## PROMPT
Output, exactly as written, the lines below from the one that has "Bake until golden" through the one that has "This is our"; nothing else, and no pictures.

## MATERIALS PROVIDED

========================================

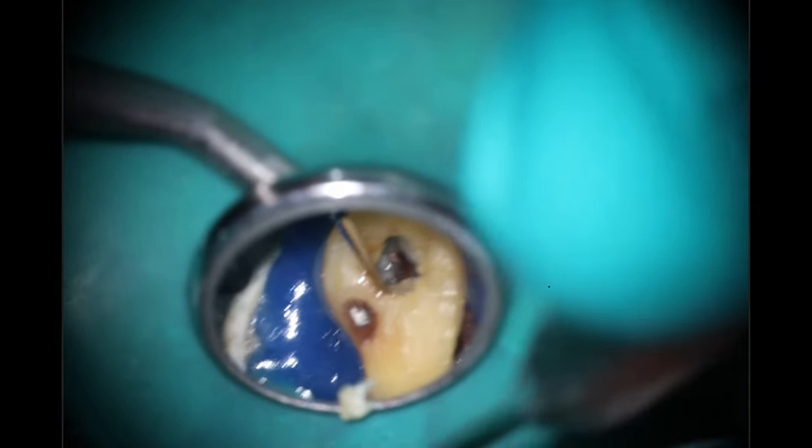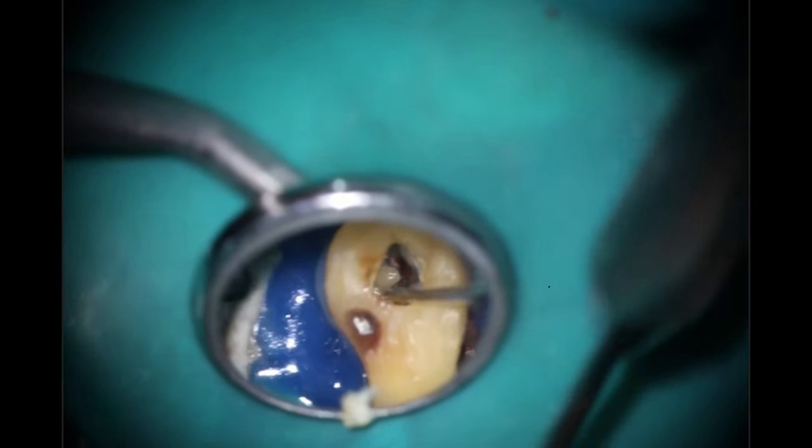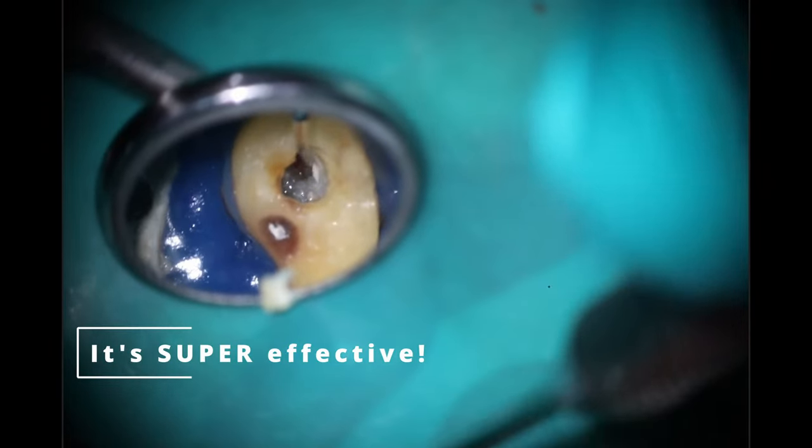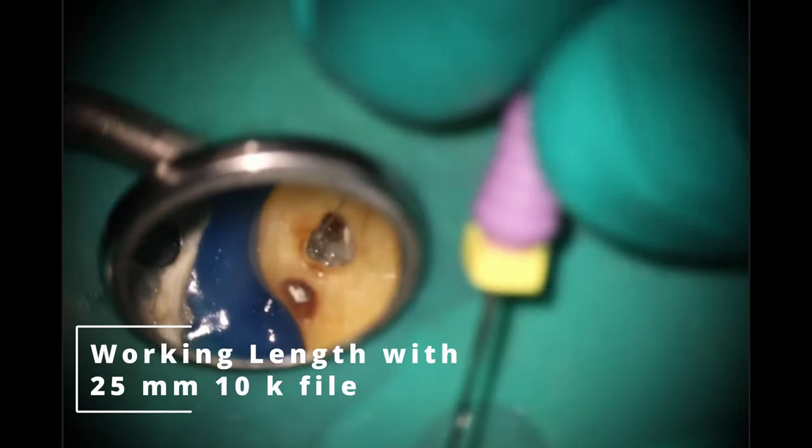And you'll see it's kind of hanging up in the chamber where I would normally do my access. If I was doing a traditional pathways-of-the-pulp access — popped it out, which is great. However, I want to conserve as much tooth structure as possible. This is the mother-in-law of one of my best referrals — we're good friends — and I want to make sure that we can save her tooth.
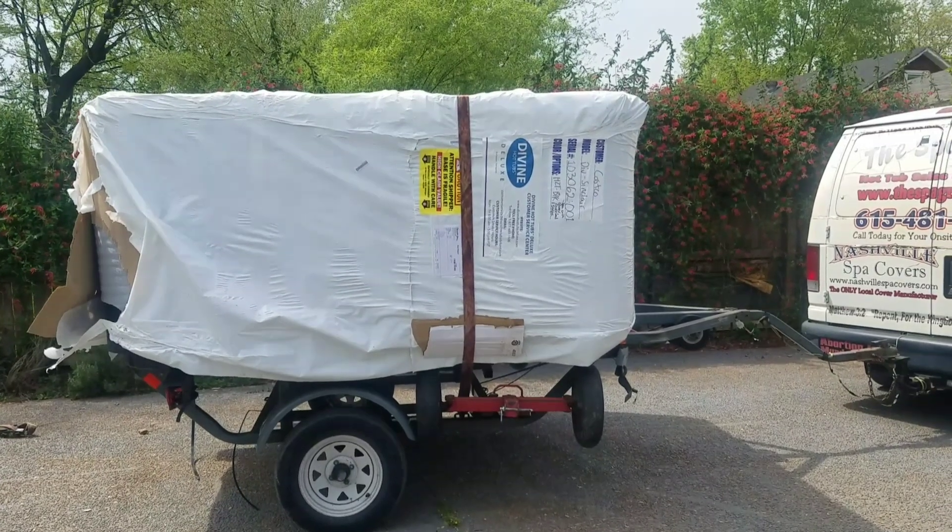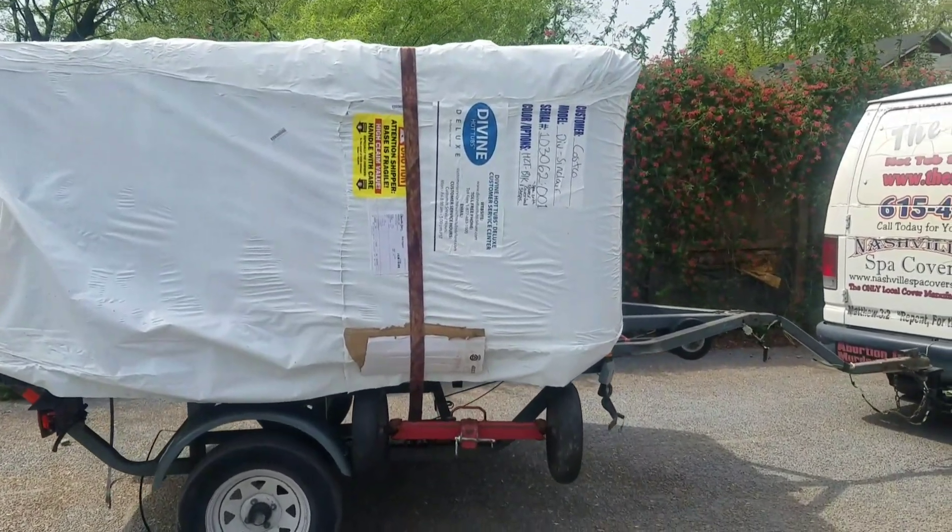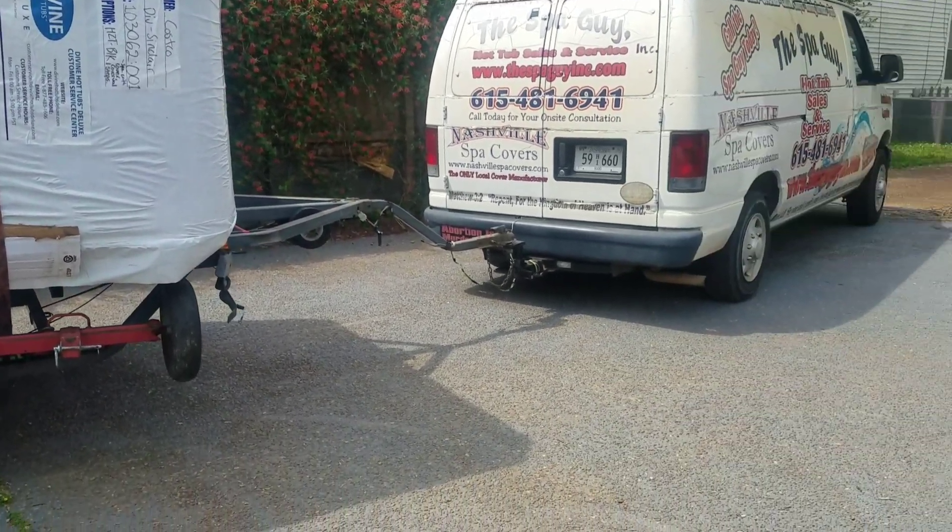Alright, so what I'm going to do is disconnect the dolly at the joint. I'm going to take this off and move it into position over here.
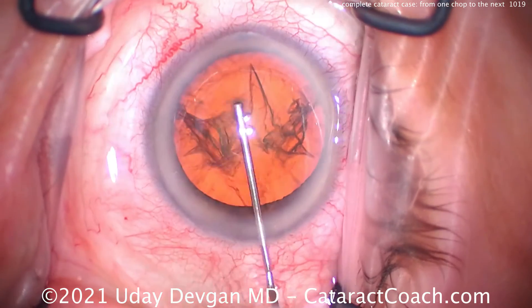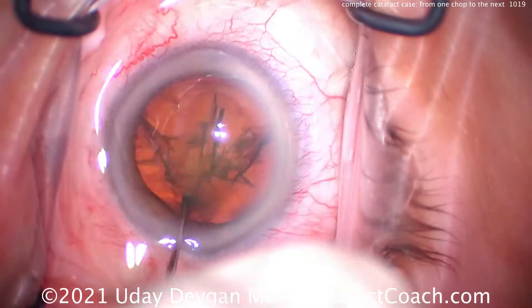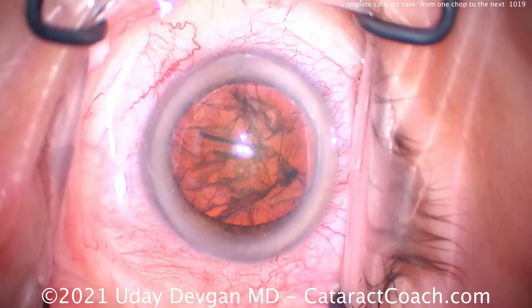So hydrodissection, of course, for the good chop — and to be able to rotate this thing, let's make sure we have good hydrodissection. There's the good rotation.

========================================

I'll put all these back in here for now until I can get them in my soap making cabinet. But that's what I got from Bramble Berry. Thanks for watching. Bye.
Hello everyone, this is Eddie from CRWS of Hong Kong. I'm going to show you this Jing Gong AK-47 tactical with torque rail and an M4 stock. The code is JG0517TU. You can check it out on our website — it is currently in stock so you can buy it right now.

========================================

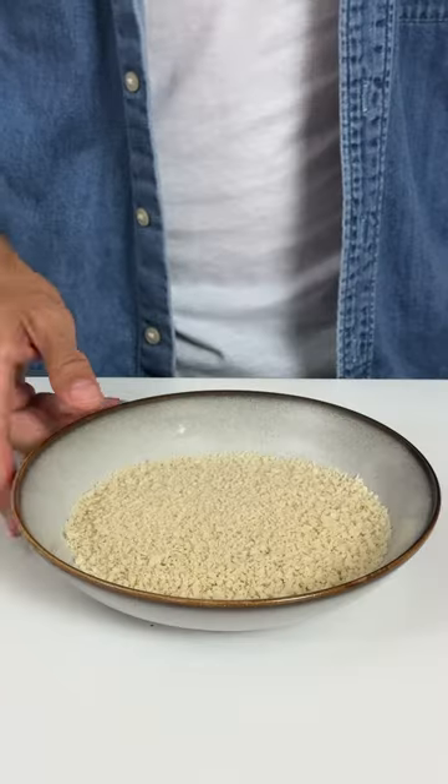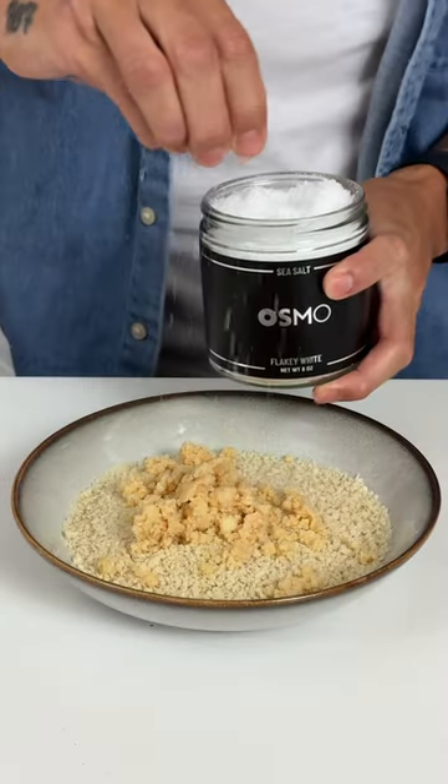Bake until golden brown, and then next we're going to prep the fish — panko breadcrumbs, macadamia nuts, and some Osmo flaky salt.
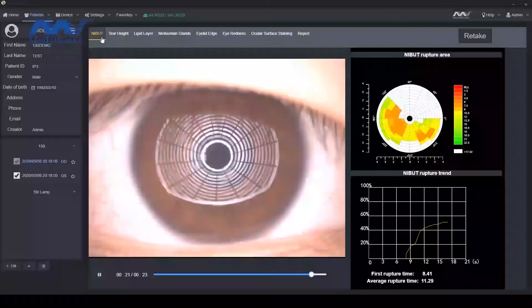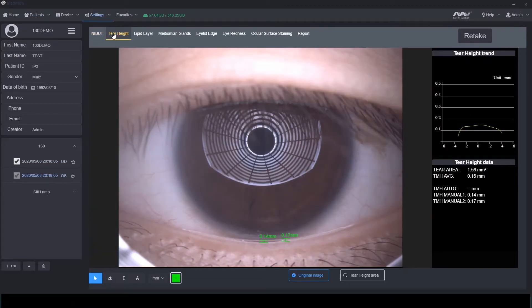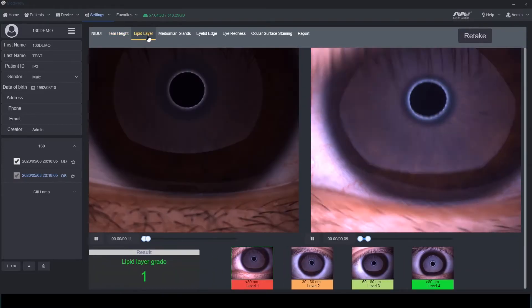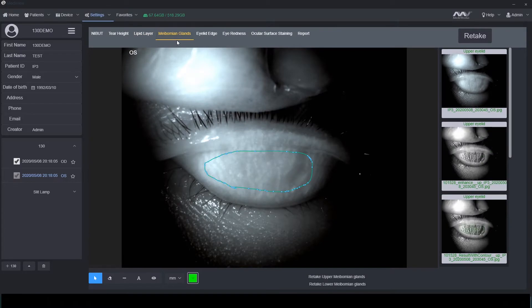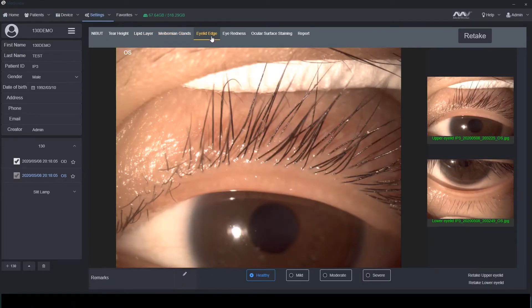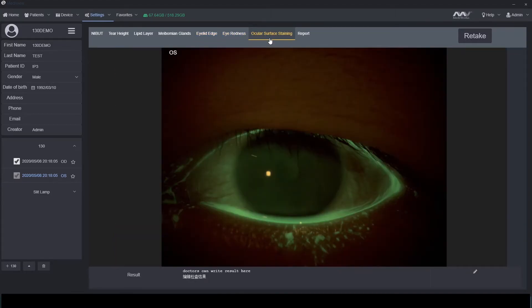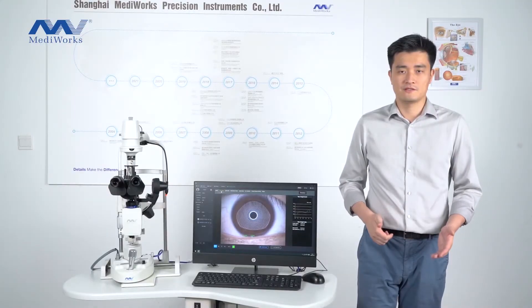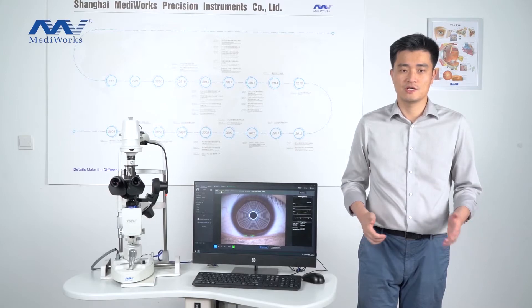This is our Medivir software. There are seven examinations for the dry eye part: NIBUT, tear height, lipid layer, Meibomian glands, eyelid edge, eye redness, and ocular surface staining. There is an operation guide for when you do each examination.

========================================

## RESULT
Bake until golden brown, and then next we're going to prep the fish — panko breadcrumbs, macadamia nuts, and some Osmo flaky salt.
This is our Medivir software. There are seven examinations for the dry eye part: NIBUT, tear height, lipid layer, Meibomian glands, eyelid edge, eye redness, and ocular surface staining. There is an operation guide for when you do each examination.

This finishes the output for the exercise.